In and around the surrounding area
Remarkable, that nearly two hundred years ago and a mere pleasant walk along the shores of Ullswater from Patterdale, Dorothy and William Wordsworth saw the daffodils from which William drew inspiration for what must be one of the best known verses of the English language.
Nestled between two mountain ranges the isolated, slate-grey village of Patterdale can only be reached by Kirkstone Pass to the south or alongside Ullswater to the North. Legend has it that in the 15th century St. Patrick, having been marooned on Duddon Sands, walked 30 miles overland to this valley and gave Patterdale it’s ancient name of St. Patrick’s dale. True or not, there is a well dedicated to the saint by the roadside at Glenridding and the pretty village church was built and named St. Patrick’s in 1853.
Remote though it may be, crowds of visitors dating back to the Victorians have always been drawn to the mountains.
The Wordsworths were influential visitors and regular guests at Side Farm.

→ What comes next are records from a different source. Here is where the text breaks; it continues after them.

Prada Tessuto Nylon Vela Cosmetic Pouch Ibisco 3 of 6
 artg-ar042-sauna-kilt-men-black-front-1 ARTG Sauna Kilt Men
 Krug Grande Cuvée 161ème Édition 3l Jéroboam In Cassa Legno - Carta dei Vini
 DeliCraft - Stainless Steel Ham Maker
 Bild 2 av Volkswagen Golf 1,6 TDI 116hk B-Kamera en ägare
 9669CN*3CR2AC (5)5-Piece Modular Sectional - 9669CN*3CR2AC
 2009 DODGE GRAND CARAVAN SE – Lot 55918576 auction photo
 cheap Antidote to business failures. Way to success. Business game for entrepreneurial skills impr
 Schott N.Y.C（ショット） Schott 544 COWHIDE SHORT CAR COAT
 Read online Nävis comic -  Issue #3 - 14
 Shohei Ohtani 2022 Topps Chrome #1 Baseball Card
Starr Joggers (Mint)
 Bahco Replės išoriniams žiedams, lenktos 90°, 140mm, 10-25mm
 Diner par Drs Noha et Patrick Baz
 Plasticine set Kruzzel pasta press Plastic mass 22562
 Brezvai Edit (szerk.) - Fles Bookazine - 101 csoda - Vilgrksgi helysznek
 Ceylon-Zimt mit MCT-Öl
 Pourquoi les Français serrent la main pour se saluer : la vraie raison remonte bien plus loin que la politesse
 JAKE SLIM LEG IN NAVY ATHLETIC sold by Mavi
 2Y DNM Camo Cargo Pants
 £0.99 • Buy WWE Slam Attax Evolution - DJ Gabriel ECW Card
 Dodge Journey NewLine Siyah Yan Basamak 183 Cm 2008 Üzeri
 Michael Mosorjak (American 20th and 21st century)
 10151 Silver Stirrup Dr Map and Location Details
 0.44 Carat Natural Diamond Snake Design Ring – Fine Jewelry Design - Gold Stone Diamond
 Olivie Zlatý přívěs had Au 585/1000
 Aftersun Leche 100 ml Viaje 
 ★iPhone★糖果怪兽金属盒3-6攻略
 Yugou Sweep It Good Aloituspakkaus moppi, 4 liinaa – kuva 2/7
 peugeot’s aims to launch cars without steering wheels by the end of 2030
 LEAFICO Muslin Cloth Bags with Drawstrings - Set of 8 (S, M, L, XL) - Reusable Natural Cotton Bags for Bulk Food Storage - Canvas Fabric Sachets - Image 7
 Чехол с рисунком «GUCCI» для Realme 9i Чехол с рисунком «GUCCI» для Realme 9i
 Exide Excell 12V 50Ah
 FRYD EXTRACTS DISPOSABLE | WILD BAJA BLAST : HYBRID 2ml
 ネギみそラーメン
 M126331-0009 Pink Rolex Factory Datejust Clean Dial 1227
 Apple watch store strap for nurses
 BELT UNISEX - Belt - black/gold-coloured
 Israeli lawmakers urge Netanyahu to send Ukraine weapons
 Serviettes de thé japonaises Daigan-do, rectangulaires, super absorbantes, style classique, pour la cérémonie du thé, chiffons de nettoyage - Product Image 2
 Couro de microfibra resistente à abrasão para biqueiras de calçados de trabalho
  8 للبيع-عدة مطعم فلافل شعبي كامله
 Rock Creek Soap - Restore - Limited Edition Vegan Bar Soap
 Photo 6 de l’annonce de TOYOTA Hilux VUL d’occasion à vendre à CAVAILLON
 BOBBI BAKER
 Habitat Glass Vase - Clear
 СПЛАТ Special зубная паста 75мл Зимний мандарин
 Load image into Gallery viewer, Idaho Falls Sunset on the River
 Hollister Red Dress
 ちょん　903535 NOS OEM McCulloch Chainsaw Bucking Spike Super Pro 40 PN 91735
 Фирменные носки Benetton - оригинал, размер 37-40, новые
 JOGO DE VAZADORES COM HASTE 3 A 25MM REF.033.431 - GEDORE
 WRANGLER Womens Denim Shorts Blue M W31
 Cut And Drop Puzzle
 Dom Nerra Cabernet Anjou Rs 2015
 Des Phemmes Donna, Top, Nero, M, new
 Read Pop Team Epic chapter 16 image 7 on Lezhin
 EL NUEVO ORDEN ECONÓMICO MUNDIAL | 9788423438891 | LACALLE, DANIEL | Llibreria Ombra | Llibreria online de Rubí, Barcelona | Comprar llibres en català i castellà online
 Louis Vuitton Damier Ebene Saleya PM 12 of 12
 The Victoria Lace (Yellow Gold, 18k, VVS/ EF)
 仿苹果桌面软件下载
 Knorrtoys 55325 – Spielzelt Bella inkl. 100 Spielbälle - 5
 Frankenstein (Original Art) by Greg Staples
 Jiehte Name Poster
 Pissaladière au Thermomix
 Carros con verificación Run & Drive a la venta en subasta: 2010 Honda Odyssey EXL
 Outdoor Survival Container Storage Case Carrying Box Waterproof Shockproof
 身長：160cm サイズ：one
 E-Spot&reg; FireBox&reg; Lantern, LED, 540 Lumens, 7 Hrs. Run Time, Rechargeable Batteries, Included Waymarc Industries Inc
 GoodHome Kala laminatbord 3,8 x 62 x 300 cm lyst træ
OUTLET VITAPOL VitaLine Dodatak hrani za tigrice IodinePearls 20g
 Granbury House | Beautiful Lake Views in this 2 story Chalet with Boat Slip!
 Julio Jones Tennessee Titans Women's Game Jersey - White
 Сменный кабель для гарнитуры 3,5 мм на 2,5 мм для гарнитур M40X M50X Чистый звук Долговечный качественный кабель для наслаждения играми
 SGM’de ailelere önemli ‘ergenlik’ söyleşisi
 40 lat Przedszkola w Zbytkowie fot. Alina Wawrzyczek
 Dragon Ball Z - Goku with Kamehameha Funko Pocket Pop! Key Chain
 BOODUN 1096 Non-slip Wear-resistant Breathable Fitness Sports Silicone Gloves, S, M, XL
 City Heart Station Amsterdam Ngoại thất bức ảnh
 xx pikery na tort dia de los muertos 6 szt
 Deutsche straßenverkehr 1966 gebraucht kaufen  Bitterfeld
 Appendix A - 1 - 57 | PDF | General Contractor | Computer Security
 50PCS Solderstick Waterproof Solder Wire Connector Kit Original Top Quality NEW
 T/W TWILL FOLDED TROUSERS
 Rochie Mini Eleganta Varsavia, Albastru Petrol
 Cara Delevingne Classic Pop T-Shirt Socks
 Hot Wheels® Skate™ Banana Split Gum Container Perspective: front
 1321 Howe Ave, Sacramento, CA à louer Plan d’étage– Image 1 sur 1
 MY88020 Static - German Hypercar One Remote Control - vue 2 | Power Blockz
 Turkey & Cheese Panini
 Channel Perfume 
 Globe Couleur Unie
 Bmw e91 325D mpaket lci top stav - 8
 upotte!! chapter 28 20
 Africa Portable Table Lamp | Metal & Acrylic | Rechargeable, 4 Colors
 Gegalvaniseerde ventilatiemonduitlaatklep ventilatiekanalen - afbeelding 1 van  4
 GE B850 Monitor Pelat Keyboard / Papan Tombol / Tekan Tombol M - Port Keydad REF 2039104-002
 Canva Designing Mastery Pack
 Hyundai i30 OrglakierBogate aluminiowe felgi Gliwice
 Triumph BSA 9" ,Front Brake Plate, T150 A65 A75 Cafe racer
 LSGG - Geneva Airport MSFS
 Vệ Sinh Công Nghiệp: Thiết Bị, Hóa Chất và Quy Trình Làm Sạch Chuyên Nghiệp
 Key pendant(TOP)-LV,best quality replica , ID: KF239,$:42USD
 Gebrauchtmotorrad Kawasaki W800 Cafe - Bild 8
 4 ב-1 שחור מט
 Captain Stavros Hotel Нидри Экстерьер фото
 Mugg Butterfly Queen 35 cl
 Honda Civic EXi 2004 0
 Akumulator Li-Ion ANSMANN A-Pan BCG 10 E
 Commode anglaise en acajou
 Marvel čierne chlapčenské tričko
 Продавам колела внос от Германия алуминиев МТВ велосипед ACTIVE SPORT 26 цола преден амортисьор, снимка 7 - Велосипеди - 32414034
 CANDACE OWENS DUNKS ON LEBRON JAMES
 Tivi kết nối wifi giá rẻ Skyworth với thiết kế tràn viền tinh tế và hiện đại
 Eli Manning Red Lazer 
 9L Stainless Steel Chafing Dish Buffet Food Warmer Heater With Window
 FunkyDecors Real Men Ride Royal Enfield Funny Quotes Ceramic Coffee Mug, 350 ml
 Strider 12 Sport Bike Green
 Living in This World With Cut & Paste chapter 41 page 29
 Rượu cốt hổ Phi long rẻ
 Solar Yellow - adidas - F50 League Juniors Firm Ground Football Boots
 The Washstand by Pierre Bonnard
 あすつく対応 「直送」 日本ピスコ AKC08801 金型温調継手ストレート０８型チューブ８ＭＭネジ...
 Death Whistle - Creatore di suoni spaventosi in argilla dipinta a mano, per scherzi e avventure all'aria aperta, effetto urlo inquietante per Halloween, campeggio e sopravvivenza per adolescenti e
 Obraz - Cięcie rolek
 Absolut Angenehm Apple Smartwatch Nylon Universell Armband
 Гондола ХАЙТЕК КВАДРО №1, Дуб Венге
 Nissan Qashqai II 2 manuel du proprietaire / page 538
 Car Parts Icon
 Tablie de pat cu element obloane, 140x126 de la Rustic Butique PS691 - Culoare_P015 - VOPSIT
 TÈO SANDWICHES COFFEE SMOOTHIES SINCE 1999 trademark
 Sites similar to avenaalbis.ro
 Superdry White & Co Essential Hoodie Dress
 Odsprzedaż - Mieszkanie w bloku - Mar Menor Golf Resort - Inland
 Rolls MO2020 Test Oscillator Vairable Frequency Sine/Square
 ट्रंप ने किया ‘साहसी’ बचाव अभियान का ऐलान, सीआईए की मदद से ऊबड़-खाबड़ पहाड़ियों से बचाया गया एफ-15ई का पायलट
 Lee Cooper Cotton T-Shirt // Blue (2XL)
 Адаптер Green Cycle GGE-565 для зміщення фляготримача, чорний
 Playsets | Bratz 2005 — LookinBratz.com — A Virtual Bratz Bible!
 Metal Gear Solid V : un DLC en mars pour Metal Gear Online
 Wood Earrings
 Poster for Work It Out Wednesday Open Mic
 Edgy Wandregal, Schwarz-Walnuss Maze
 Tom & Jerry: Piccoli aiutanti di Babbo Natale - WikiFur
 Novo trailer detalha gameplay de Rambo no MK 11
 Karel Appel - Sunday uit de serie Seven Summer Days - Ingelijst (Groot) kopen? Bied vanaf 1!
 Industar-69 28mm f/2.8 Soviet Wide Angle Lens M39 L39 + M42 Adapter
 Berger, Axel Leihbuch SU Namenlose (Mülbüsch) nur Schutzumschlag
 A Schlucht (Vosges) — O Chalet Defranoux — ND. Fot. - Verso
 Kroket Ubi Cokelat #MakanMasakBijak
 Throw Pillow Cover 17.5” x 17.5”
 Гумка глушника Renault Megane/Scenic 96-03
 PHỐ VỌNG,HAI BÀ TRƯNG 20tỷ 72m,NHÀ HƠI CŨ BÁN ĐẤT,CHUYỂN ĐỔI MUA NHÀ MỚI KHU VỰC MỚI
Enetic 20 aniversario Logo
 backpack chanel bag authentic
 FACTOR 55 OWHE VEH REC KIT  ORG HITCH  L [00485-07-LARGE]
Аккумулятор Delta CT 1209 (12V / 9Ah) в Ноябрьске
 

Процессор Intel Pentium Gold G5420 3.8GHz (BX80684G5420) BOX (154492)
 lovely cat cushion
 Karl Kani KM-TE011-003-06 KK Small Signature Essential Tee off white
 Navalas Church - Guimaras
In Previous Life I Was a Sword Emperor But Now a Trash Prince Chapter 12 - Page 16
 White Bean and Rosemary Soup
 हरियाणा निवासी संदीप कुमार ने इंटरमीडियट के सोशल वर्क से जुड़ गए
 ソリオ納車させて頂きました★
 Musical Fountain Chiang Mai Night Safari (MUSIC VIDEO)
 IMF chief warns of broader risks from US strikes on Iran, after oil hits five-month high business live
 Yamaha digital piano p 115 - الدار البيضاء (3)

When Patterdale Hall was built in 1796 for John Mounsey, the so-called ‘King of Patterdale’ and a reputed miser, Dorothy disliked the colour of the exterior and so it was changed.
Wordsworth Cottage at Rooking was bought as a gift for William by Lord Lowther in 1806. The poet was not impressed by the high price paid for the property and apparently because of this abandoned plans to develop, instead selling to a local resident in 1834.
Current day Patterdale is little changed and is still made up of only a handful of cottages, The White Lion Pub, The Patterdale Hotel, a post-office, village school, the firestation and the church.
One addition is the YMCA at the southern end of the village and grand Patterdale Hall is today much extended as the YMCA outdoor activity centre.
What will always remain the same is the outstanding beauty of the surrounding fells and dales and for as long as the track along Striding Edge to Helvellyn begins in the village then Patterdale will remain firmly on the map.